While I was in grad. school, I spent a number of months trying to generalize Goda, Scharlemann and Thompson’s result about leveling unknotting tunnels  (see a previous post as well) to toroidal bridge positions. Their result says that given a tunnel-number-one knot in minimal bridge position with respect to a sphere, one can isotope any unknotting tunnel (possibly sliding the endpoints past each other) into a level sphere, without increasing the bridge number of the knot. (Since the unknotting tunnel is just an arc, it can always by isotoped into a given surface. However, since its endpoints are attached to the knot, the isotopy may make the knot more complicated with respect to the surface.)
One can also consider bridge positions with respect to an unknotted torus in the 3-sphere and ask whether an unknottting tunnel can be isotoped into a level torus, again without increasing the toroidal bridge number. I started thinking about this as a way to bound the bridge number in terms of the distance in the curve complex defined by a meridian of the unknotting tunnel. It turns out there is an easier way to do this using work of Tomova. (See Moriah-Minsky-Schleimer and J.-Thompson.) However, the question of leveling an unknotting tunnel into a level torus remains open.
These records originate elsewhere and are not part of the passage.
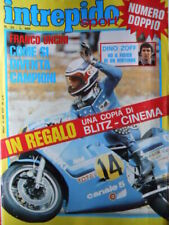 Intrepido sport 1982 usato  Italia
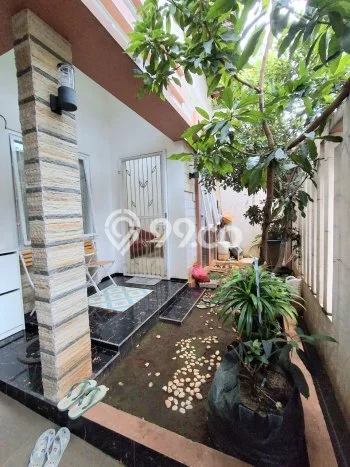 Rumah Minimalis 4 KT di Jati Mekar Bekasi Rumah Minimalis 4 KT di Jati Mekar Bekasi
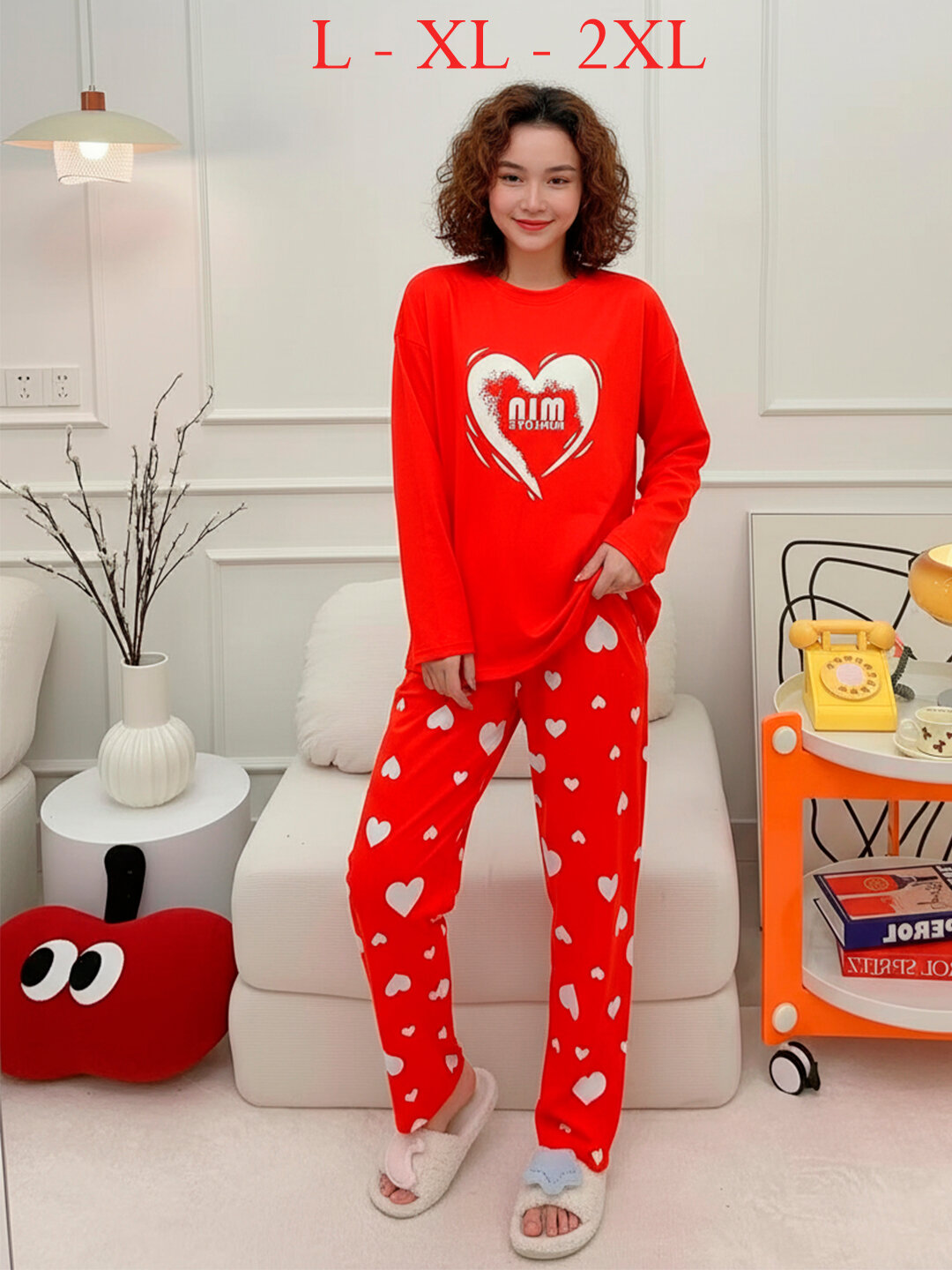 Пижама П-215/018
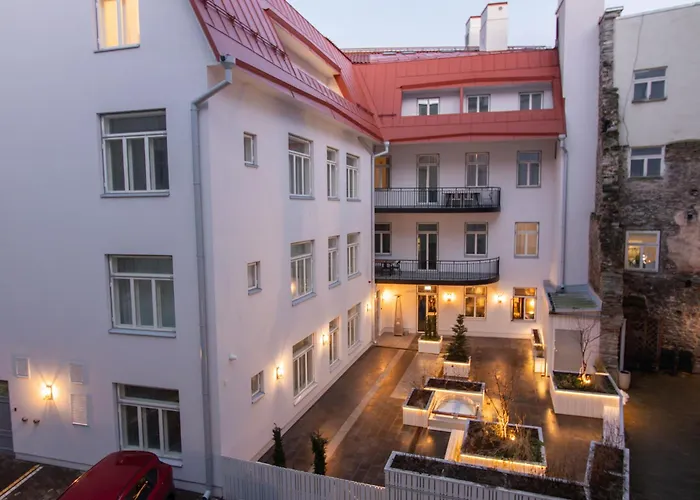 2 Rooms Apartment With Sauna And Terrace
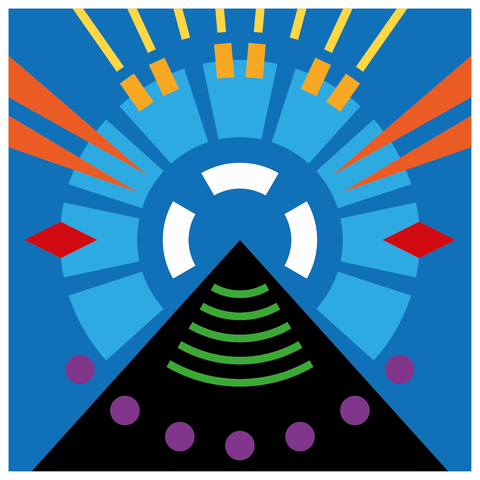 Adriano Attus | Astrazioni Pop | AA ASTR POP 013 C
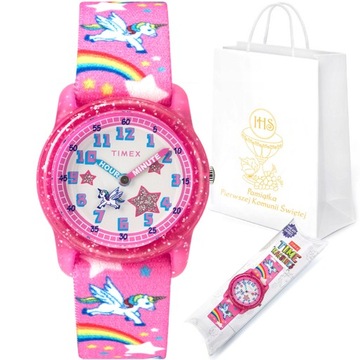 Timex часы причастие подарок для девочки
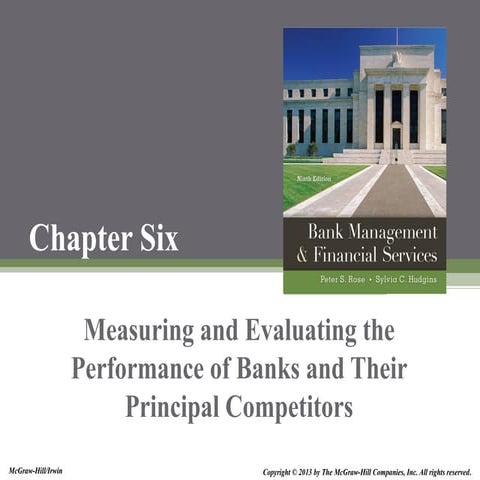 3- Measuring and Evaluating the Performance of Banks and Their ...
A positive answer should, for example, lead to a classification of unknotting tunnels of (1,1) knots (knots that are one bridge with respect to an unknotted torus) and perhaps other applications.
The most obvious approach to the problem is to look at a compressing disk for the complement of the knot union tunnel (by definition this is a handlebody) and look for disjoint upper and lower disks that determine a way to reduce the bridge number of the tunnel. This is roughly the idea in Goda, Scharlemann and Thompson’s proof, though they have a lot more machinery for dealing with bridge/thin position. (In particular, they use the fact that thin position is bridge position for tunnel-number-one knots.) I can tell you from experience that this approach gets bogged down very quickly for toroidal bridge position, though perhaps with some clever new ideas it could work.
[ 1] H. Goda, M. Scharlemann, and A. Thompson. Leveling an unknotting tunnel. Geometry and Topology, 4:243–275, 2000. ArXiv:math.GT/9910099.